What the task requires: With the line containing "1pc Quick Setup" as the start and the line containing "UPPER RACK AND TRACK PARTS" as the end, transcribe that span of the entries below exactly, including both.

Segment Start: Recorded information

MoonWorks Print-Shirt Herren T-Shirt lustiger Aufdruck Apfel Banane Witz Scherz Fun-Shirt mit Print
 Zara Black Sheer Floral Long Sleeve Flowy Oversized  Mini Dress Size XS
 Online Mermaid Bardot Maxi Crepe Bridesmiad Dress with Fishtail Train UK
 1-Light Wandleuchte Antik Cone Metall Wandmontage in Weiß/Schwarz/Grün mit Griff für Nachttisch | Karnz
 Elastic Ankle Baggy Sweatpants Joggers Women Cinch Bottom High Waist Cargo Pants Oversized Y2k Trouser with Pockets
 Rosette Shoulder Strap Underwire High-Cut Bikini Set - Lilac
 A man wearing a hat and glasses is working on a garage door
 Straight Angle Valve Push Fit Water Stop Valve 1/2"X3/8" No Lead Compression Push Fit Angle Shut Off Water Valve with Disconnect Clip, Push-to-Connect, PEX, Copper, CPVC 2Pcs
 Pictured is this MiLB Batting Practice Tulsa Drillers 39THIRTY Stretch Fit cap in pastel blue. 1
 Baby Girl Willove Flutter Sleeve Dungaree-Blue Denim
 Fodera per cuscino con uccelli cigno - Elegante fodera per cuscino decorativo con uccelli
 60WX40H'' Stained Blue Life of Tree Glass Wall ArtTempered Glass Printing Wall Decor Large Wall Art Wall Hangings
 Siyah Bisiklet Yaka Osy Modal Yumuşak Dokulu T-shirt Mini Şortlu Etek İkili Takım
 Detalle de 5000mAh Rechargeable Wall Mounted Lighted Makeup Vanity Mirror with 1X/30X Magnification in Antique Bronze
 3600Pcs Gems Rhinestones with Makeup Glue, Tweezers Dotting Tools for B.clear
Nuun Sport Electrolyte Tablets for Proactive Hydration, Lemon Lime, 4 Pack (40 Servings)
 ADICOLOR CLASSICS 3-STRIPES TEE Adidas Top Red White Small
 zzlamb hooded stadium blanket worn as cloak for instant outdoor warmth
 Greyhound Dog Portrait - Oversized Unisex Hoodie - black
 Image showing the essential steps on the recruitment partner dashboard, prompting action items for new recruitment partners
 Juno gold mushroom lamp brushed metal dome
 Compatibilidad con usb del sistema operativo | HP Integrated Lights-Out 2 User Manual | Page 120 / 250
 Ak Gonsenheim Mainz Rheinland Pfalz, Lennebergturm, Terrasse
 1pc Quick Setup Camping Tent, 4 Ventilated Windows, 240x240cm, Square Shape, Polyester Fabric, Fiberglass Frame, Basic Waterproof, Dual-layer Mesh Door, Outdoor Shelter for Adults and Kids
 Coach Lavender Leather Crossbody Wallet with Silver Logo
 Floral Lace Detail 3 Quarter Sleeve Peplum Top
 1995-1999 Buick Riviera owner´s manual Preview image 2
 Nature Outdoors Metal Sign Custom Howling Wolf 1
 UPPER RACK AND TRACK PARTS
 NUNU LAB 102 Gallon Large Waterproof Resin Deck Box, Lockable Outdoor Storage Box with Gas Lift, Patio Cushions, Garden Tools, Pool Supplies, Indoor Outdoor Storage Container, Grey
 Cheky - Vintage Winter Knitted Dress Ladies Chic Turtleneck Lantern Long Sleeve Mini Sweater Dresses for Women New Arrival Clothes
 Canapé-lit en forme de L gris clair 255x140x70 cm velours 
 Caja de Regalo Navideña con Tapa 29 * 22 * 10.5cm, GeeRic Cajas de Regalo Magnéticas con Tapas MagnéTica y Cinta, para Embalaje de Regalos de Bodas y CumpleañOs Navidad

Segment End: Recorded information

Final answer:
 1pc Quick Setup Camping Tent, 4 Ventilated Windows, 240x240cm, Square Shape, Polyester Fabric, Fiberglass Frame, Basic Waterproof, Dual-layer Mesh Door, Outdoor Shelter for Adults and Kids
 Coach Lavender Leather Crossbody Wallet with Silver Logo
 Floral Lace Detail 3 Quarter Sleeve Peplum Top
 1995-1999 Buick Riviera owner´s manual Preview image 2
 Nature Outdoors Metal Sign Custom Howling Wolf 1
 UPPER RACK AND TRACK PARTS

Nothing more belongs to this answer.